Parc national Terra-Nova
La population du nord-est de Terre-Neuve n’est pas à risque, mais les connaissances acquises lors des efforts de rétablissement menés à Terra-Nova par le passé seront fort utiles dans le cadre de la présente approche régionale en matière de conservation. En 1995, lorsque le cours inférieur de la rivière Northwest a été cédé au parc national Terra-Nova, Parcs Canada a installé une barrière de dénombrement du saumon lui permettant de déterminer que la montaison du saumon de l’Atlantique était bien inférieure aux cibles de conservation de l’habitat de Pêches et Océans Canada (MPO). On s’était alors préoccupé de la santé de la population de saumon de la rivière Northwest, ce qui avait entraîné la fermeture de la pêche récréative en 1996. Malgré cette fermeture de la pêche, une surveillance continue avait montré qu’une disparition locale de l’espèce demeurait possible. En 2002, Parcs Canada a uni ses forces à celles du MPO et des résidents locaux pour établir une nouvelle approche de conservation du saumon dans cette rivière. Ils ont formé le Groupe de travail sur la conservation du saumon de l’Atlantique de la rivière Northwest, et ont collaboré à l’élaboration d’un plan de rétablissement et de conservation de cette population. On a ainsi donné à la population le temps de se rétablir, en plus de réduire la limite de prises pouvant être conservées par les pêcheurs récréatifs, et depuis 2003, le parc national Terra-Nova est parvenu, chaque année, à atteindre sa cible de conservation, observant le retour annuel de 500 saumons dans la rivière Northwest.
Parc national Kouchibouguac
La population de saumon de Gaspé et du sud du golfe du Saint-Laurent est désignée comme une espèce en péril par le Comité sur la situation des espèces en péril au Canada (COSEPAC).
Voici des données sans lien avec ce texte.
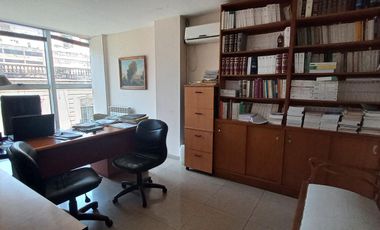 Oficina de 120 metros a media cuadra de Tribunales I (4 privados)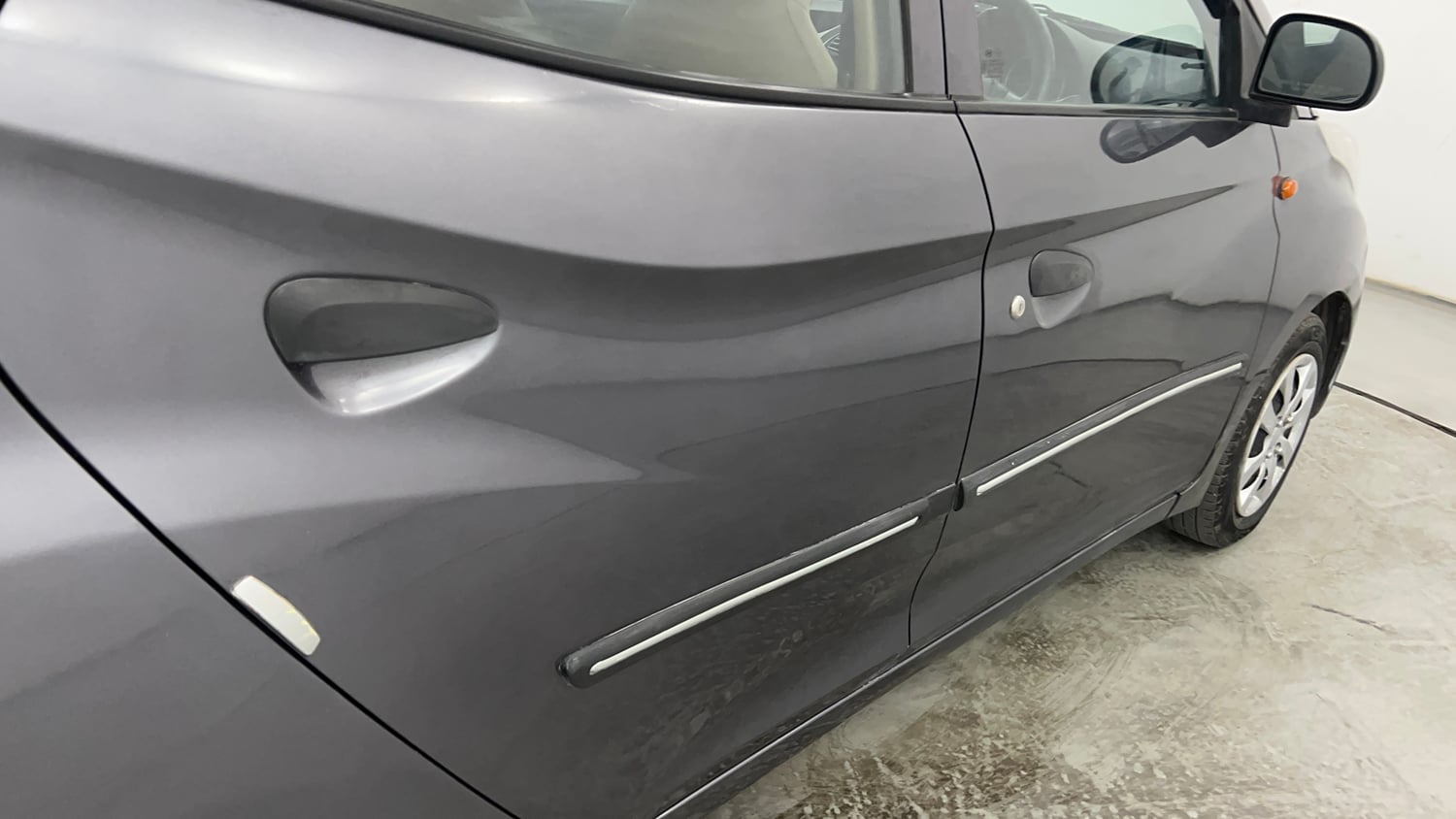 Used 2017 Hyundai Eon Magna + Petrol Manual dents MINOR SCRATCH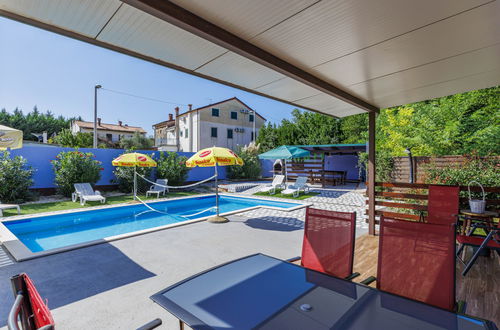 Foto 25 - Haus mit 4 Schlafzimmern in Umag mit privater pool und garten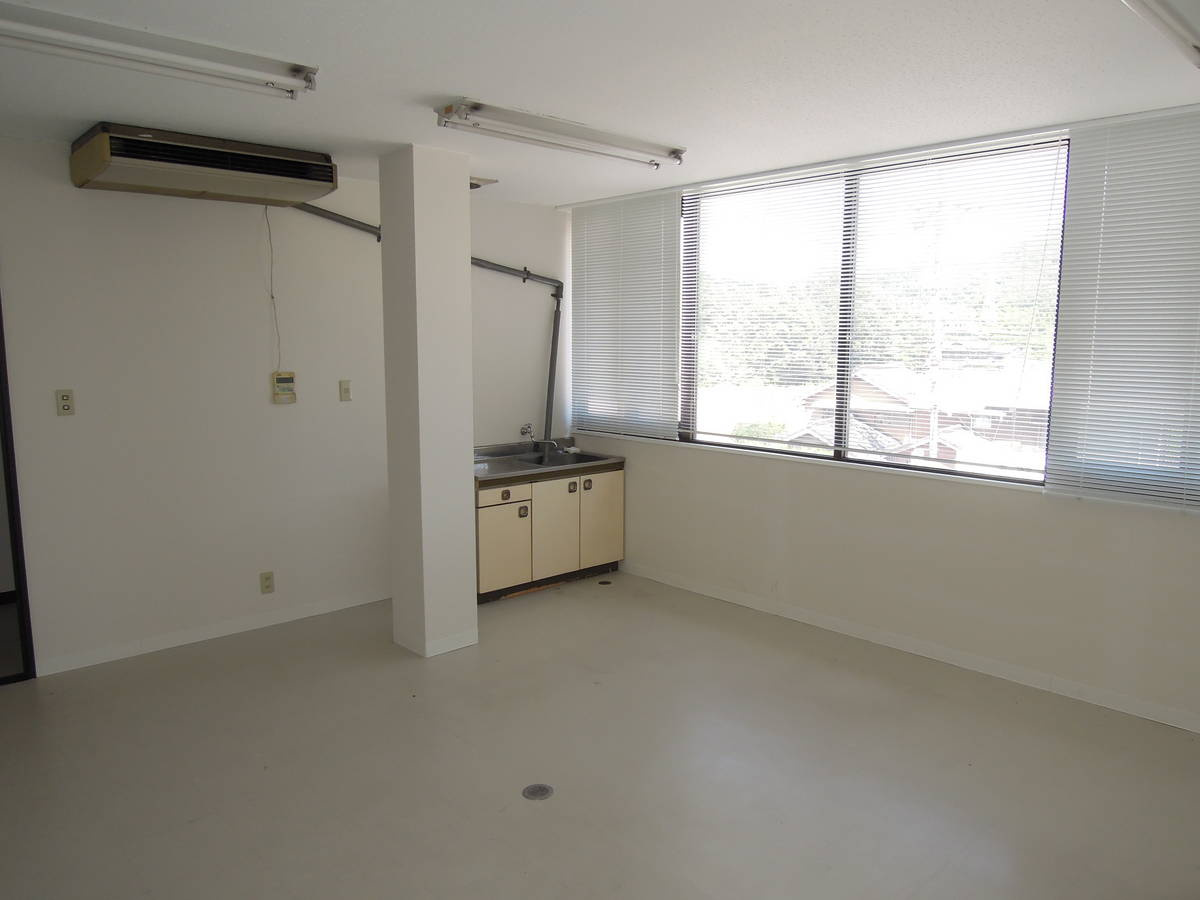 魚専貸店舗事務所の内装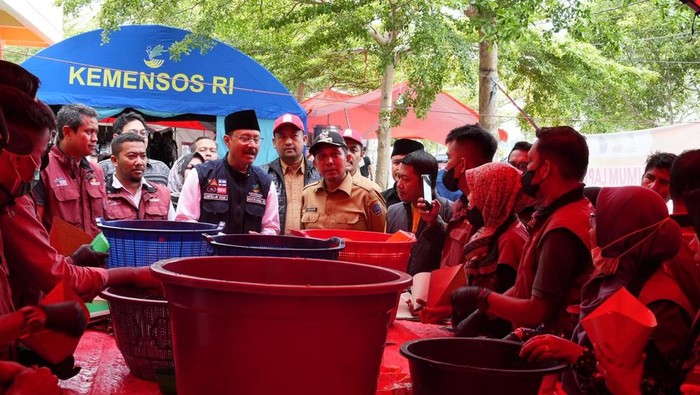 Mensos Gus Ipul Tinjau Dapur Umum Korban Banjir di Pidie Jaya Aceh
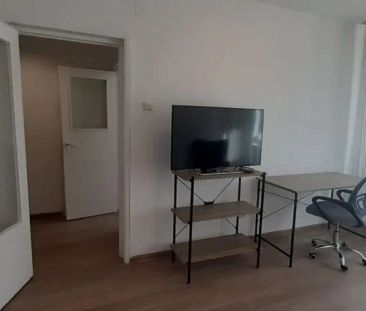 FOR RENT!Central 2 camere renovat mobilat - Photo 3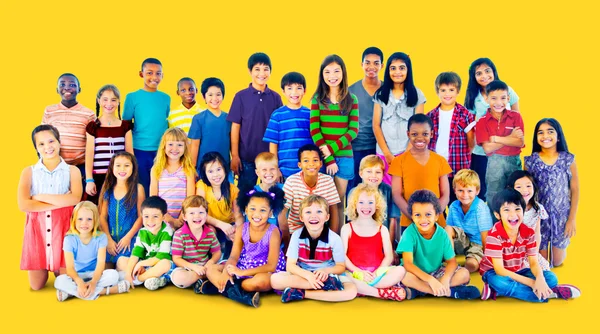 Groep van multi-etnische kinderen — Stockfoto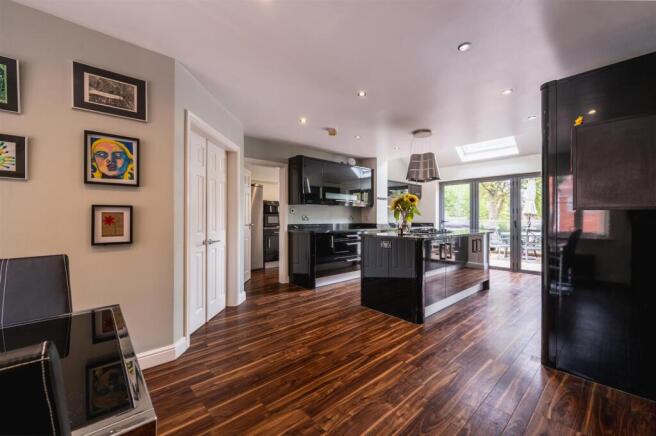 7 bed Detached for sale Image 10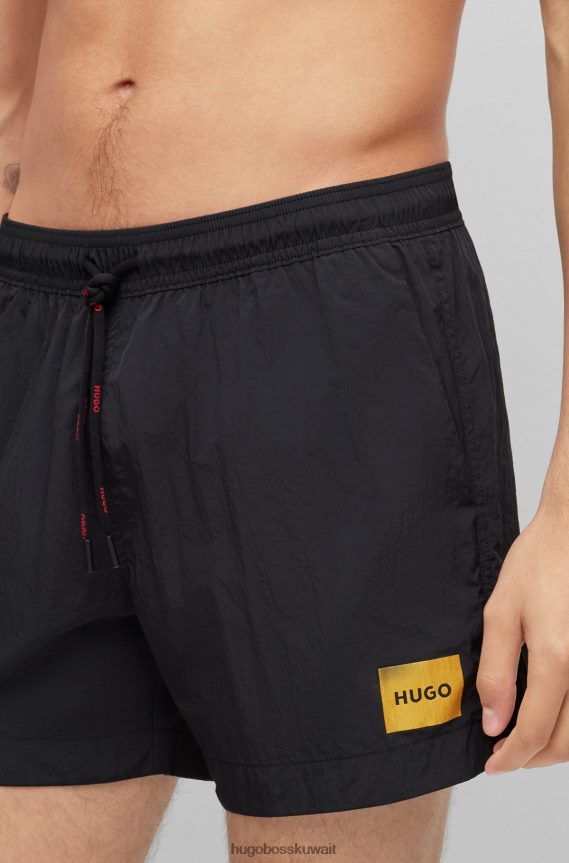 4TFNJN2140 أسود Hugo Boss هوغو شورت سباحة أسود سريع الجفاف مع ملصق شعار أحمر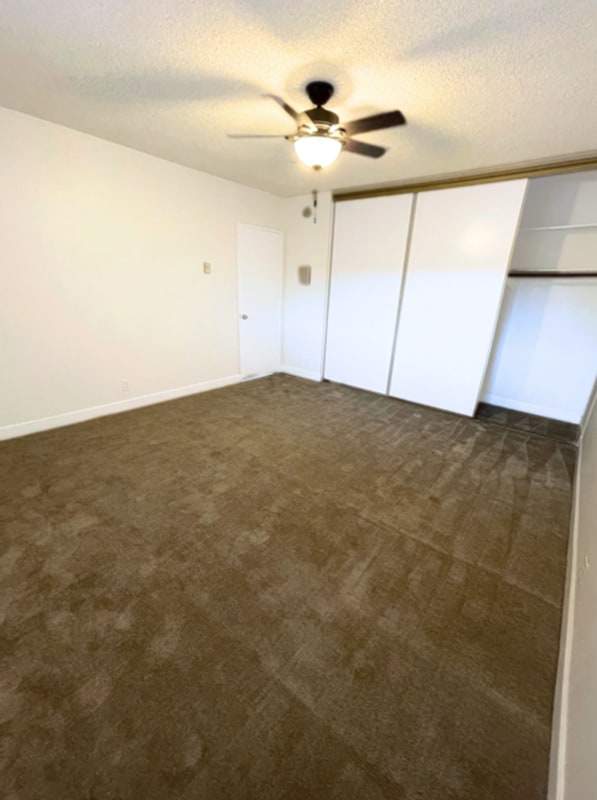 Building Photo - 949 W 26th St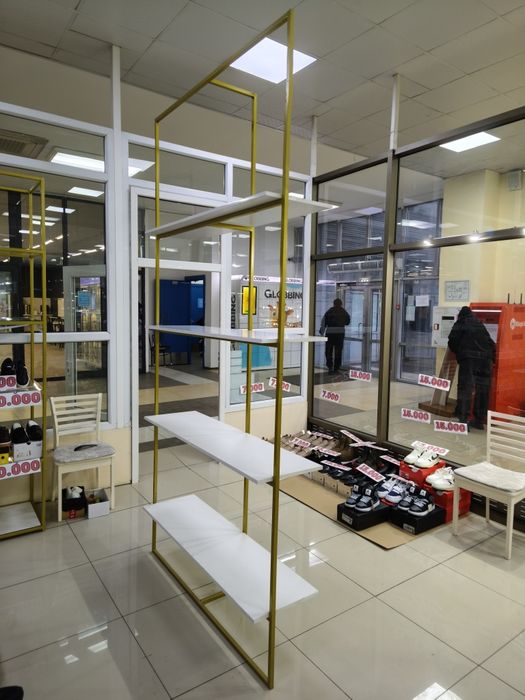 Стеллаж, витрина, полки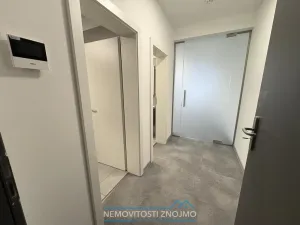 Pronájem bytu 2+kk, Znojmo, Sládkova, 61 m2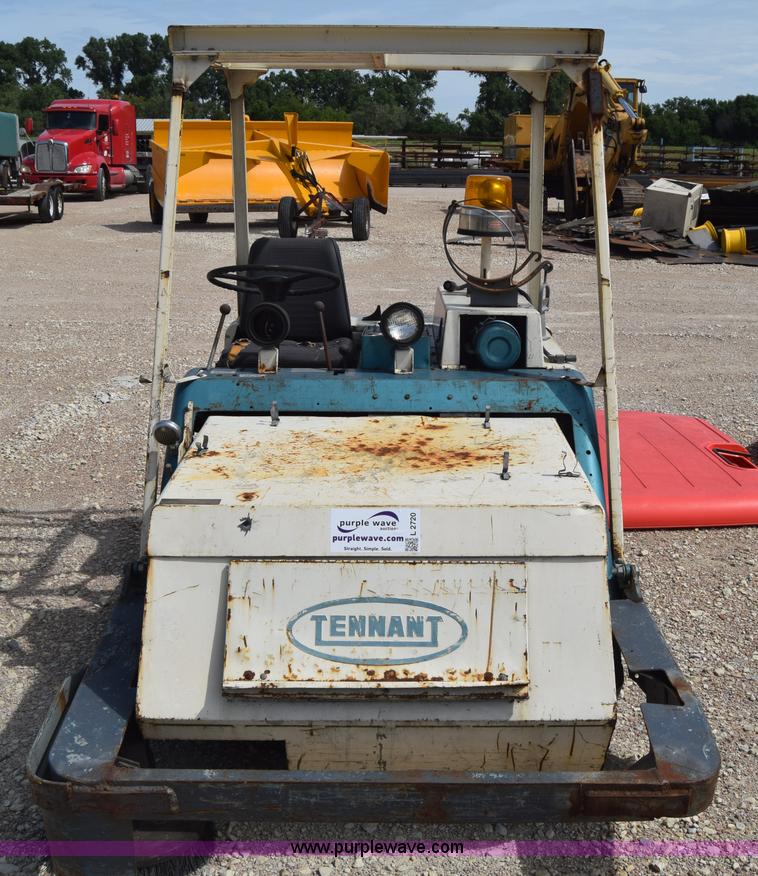 image for item L2720 Tennant 280 power sweeper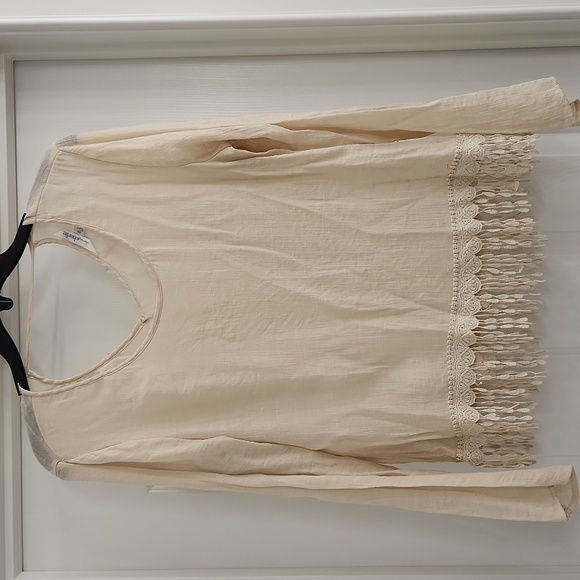 Cream Top - Picture 1 of 5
Les rivières Kouchibouguac et Kouchibouguacis sont deux affluents de la région qui se démarquent par leur importante abondance de saumons juvéniles, mais les données à long terme indiquent une tendance générale à la baisse. En faisant appel à toutes les connaissances pertinentes et à la surveillance, le présent projet vise à accroître l’abondance de la population de saumon de l’Atlantique, y compris au moyen de relevés dans l’habitat et par pêche électrique, du marquage des adultes et de l’échantillonnage génétique. En partenariat avec les collectivités autochtones et des organismes sans but lucratif, le parc national Kouchibouguac et ses partenaires collaborent à la gestion des efforts de rétablissement comportant l’implantation d’œufs dans des plateaux de protection placés dans un habitat optimal. En comparant les résultats de nos efforts de surveillance et de conservation avec ceux d’autres parcs, selon les différentes situations en matière de conservation des populations, nous pouvons mieux comprendre les échéanciers qui favorisent l’efficacité des mesures visant les populations en déclin.